Em 17 de junho de 1971, Dr. Alceu publicou no Jornal do Brasil o artigo sob o título “O novo 13 de maio” – escrito por ocasião da transladação dos restos mortais da Princesa Imperial D. Isabel para o mausoléu da Catedral de São Pedro de Alcântara, em Petrópolis –, no qual clamava mais uma vez pela anistia:
Será que teremos que apelar para alguma nova Isabel a fim de ser repetido, a quase um século de distância, o que no fim do século XX poderá corresponder, em nossa História, ao da Princesa no dia 13 de maio de 1888? Esse novo gesto, todo mundo sabe qual seja: é a Anistia Geral.
Para o autor, a Princesa Regente D. Isabel
[…] teve mesmo o alto bom senso de realizar, na prática, aquele sonho, que seu pai sempre alimentou sem nunca ter tido a varonilidade de o transformar em realidade política e social: a abolição […]. O seu gesto poupou ao Brasil uma guerra de secessão ou uma revolução sangrenta
e continua:
Os sancho panças de hoje, sensatos e realistas, nem pensam nisso. Como os do tempo da Redentora julgavam impossível o que ela ia fazer. E depois de feito, a vituperaram por ter ‘arruinado a agricultura’ e com ela o Brasil… Quando teremos uma nova Isabel que compreenda ser com grandes gestos que se constrói a História? E que a Anistia de hoje poderá ser amanhã um novo 13 de maio?

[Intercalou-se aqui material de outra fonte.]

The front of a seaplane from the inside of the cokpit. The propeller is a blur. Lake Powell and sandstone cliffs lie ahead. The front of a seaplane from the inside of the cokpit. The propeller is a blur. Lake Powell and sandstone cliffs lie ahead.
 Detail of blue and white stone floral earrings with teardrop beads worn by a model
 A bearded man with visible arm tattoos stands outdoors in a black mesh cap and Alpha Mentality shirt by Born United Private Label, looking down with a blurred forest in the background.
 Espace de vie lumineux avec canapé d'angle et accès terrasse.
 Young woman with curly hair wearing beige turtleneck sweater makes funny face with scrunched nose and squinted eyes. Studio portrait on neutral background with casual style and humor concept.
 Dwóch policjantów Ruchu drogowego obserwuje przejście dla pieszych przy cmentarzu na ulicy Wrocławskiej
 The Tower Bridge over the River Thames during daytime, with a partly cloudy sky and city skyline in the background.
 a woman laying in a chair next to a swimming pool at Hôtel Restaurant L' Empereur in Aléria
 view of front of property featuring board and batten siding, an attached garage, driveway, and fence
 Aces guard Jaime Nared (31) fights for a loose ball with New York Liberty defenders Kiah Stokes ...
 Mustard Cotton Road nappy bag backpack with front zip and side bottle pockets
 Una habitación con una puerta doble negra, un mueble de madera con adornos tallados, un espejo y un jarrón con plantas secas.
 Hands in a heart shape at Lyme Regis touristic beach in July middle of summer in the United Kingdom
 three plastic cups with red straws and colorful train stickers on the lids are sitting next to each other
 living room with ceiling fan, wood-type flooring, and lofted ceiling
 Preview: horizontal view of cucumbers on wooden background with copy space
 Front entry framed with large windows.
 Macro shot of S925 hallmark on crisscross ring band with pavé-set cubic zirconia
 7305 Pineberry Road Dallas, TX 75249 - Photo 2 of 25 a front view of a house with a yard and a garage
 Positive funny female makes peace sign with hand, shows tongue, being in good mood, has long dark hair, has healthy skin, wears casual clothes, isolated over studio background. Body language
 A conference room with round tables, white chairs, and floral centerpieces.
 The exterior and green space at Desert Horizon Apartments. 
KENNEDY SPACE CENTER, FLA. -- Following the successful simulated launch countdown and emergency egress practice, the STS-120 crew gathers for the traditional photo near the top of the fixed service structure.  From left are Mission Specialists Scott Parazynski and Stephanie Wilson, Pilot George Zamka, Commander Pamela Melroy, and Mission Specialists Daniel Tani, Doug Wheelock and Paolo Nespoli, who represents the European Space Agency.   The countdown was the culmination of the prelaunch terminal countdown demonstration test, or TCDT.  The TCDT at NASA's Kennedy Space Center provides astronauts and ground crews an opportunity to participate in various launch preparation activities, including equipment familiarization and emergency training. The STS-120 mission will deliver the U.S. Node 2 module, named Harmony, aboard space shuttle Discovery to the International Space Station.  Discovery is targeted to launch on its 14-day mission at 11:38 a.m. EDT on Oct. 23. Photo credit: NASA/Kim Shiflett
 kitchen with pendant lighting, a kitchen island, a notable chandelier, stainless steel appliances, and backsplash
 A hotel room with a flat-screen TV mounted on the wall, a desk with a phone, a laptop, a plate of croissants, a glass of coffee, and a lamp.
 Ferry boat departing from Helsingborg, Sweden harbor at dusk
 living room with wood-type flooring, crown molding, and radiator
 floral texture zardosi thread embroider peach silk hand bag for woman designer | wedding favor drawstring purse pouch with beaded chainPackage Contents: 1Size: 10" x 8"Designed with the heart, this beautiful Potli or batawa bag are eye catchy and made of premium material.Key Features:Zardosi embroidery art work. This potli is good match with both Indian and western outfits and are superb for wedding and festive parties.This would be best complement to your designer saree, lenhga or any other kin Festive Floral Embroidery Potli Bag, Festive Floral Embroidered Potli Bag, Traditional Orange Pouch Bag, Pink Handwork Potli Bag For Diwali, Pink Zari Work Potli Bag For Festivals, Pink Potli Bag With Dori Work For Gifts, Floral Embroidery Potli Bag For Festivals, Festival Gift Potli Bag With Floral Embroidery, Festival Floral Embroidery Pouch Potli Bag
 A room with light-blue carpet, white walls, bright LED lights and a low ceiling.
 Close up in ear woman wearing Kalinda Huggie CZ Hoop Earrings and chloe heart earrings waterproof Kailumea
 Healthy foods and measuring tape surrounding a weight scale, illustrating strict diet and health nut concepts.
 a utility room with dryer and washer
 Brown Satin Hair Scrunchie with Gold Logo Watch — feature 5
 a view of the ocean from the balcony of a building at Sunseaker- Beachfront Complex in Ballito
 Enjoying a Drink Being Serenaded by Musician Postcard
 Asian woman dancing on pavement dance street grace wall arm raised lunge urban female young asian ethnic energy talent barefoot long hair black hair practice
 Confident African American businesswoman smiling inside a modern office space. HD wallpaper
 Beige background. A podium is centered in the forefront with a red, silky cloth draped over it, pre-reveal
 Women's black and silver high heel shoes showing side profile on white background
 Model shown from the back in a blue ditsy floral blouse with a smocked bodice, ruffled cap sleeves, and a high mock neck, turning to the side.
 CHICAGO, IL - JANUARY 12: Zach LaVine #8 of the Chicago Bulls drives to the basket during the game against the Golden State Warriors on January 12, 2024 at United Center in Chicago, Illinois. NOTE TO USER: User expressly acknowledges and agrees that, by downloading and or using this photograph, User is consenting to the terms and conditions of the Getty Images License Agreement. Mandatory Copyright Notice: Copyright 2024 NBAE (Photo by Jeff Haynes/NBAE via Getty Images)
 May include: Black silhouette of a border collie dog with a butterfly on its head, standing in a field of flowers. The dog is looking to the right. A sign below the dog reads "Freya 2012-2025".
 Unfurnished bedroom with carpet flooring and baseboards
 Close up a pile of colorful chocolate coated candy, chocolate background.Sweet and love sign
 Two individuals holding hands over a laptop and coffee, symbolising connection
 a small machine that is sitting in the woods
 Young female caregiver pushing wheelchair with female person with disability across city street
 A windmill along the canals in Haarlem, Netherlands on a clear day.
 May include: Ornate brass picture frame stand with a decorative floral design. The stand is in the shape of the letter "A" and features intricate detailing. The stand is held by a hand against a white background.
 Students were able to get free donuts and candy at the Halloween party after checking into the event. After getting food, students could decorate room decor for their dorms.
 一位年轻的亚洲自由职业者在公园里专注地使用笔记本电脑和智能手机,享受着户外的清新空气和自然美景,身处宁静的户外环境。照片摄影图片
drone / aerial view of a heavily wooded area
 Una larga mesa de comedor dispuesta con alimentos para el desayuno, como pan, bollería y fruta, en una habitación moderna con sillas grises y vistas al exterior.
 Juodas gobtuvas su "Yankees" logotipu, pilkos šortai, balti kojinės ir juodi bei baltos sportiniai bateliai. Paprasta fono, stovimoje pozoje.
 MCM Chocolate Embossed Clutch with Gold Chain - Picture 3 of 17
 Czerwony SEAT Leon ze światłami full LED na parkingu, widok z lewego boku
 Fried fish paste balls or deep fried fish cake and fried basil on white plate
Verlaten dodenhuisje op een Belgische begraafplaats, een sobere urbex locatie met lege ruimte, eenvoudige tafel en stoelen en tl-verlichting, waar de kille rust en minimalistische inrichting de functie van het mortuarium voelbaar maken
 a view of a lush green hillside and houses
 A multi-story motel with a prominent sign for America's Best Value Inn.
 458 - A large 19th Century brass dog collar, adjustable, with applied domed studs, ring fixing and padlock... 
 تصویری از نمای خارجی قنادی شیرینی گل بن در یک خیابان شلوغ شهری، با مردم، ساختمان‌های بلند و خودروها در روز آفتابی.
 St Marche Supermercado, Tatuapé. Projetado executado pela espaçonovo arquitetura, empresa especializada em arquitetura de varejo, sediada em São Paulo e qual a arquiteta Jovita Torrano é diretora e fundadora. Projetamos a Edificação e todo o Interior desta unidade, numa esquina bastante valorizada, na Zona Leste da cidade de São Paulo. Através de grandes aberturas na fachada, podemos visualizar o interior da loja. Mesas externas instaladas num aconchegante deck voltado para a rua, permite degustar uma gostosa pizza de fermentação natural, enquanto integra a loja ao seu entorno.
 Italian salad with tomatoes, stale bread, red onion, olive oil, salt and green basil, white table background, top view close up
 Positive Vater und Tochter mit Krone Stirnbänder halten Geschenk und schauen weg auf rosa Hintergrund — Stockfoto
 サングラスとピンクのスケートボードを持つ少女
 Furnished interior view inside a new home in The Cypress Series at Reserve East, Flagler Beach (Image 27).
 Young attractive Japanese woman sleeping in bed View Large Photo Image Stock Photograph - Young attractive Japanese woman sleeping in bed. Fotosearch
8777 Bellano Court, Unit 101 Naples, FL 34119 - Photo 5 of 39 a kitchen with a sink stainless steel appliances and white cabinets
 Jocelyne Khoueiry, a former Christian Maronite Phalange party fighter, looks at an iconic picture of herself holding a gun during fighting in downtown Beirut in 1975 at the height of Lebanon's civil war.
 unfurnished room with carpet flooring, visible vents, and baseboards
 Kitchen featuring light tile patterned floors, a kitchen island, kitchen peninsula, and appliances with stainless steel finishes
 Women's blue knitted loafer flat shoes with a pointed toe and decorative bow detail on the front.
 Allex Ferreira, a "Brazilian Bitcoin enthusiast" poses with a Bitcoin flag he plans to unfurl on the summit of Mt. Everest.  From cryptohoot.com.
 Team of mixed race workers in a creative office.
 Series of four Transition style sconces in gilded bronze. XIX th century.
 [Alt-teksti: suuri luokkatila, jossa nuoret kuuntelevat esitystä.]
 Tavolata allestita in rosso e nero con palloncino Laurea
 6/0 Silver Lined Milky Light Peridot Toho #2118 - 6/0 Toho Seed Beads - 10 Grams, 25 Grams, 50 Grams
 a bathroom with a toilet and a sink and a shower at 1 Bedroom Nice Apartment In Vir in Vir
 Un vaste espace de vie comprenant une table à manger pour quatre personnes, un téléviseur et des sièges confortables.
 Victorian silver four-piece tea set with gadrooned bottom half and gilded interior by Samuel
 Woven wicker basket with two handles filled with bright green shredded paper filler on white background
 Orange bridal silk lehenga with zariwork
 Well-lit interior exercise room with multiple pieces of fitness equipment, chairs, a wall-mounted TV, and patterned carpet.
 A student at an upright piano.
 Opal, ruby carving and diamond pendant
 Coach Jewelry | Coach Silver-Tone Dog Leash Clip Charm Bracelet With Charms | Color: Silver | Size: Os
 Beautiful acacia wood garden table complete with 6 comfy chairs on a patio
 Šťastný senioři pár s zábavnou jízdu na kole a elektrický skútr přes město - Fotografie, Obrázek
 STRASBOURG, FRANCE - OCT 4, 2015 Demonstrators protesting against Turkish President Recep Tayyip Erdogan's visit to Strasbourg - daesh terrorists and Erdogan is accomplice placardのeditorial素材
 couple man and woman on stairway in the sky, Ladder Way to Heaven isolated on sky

Podemos encontrar alguns pontos de contato entre Alceu Amoroso Lima e D. Isabel. Ambos, como católicos, usavam cada um a seu modo a religiosidade como chave de ação para contestarem o sistema em que viviam. D. Isabel, ao tratar das ações visando à restauração da Monarquia, em 1892, em carta escrita a João Alfredo Correia de Oliveira, ex-presidente do Gabinete de 10 de Março, que promulgou a Lei Áurea, extinguindo a escravidão no Brasil, desabafa: “Quando a política deixará de empregar meios que diminuem a grandeza moral dos povos e das pessoas! É assim que tudo se perde e que nós nos perdemos.”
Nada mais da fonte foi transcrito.